Voodoo artists heal Haiti quake's aftershocks
Two years after an earthquake devastated Haiti, Haitians in America have turned to traditional religious ritual for comfort. Leigh Paterson explains the power of voodoo (spelt 'vodou' in Creole).
They gather at a voodoo temple in a dark Brooklyn basement strewn with candles, plastic skulls and half-empty bottles of rum, the remains of a recent ceremony.
There, Haitian-American artists come to talk about their faith in voodoo and how it keeps them connected to their homeland.
"The religion is like a glue," says voodoo priestess Marie Saintil. "We attract each other. If a drum is beating, and someone hears it, the next thing you know, this place is packed."
That connection is especially important this month, on the two-year anniversary of the earthquake that devastated Haiti.
Since the quake, voodoo has played an important role in the healing process. Many of these Haitian immigrants have found comfort in the faith and community that voodoo cultivates, practitioners of the religion in the US say.
Fusion of beliefs
Haitian voodoo is an ancient practice that emerged among the first Africans brought to Haiti as slaves in the 16th Century.
Unable to practice their own diverse religions openly, the slaves fused them with the Catholic beliefs of the Spanish and French slavers.
From these complex beginnings voodoo has become an important part of Haitian culture, especially for those living far from home.
Marie Saintil came to Brooklyn more than 20 years ago.
"We advise, we help. Any time of the night and day, we get phone calls from our religious children," Ms Saintil says. "Sickness, family troubles, we are right in there."
The 2010 earthquake left homeless 1.5 million Haitians, some of whom came to the US.
About 48,000 Haitians arriving within a year after the quake were given temporary permission to stay, work and send money home, as were about 200,000 who had previously been in the US, according to the US Department of Homeland Security.
After the quake hit, Haitian communities across the US came together and used voodoo to make sense of the tragedy.
"This is where the magic happens, beauty happens, the healing happens, counselling happens," says Atibon Legba, a Brooklyn-based actor, gesturing to the darkened temple.
"With the knowledge of herbs and stars, we can heal."
Voodoo practitioner Neg Mawon, who was in Brooklyn when the quake struck, explained that by consulting certain voodoo spirits, he finally came to understand and accept what had occurred.
"When it happened, we were doing small groups of networking, trying to comfort each other," he says.
"We had so many voodoo ceremonies and musicians who had been playing fundraisers.

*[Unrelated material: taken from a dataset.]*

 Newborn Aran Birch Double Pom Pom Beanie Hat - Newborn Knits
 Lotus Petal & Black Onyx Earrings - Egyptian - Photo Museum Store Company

We had a great support system in New York."
Brooklyn-based photographer Regine Romain visited Haiti two weeks after the quake and attributes many of the miraculous survival stories to the country's faith in voodoo.
"Our spiritual connection is what really helped us get past the tragedy," she says.
"I had to really start praying that people would be found. It is a land filled with magic, and a connection to that which was unseen.
"Whether you're voodooist, Christian, Baptist, Hindu, whatever your background is, there is an understanding that life is not permanent. And in the traditions of voodoo, there is peace that is made with death."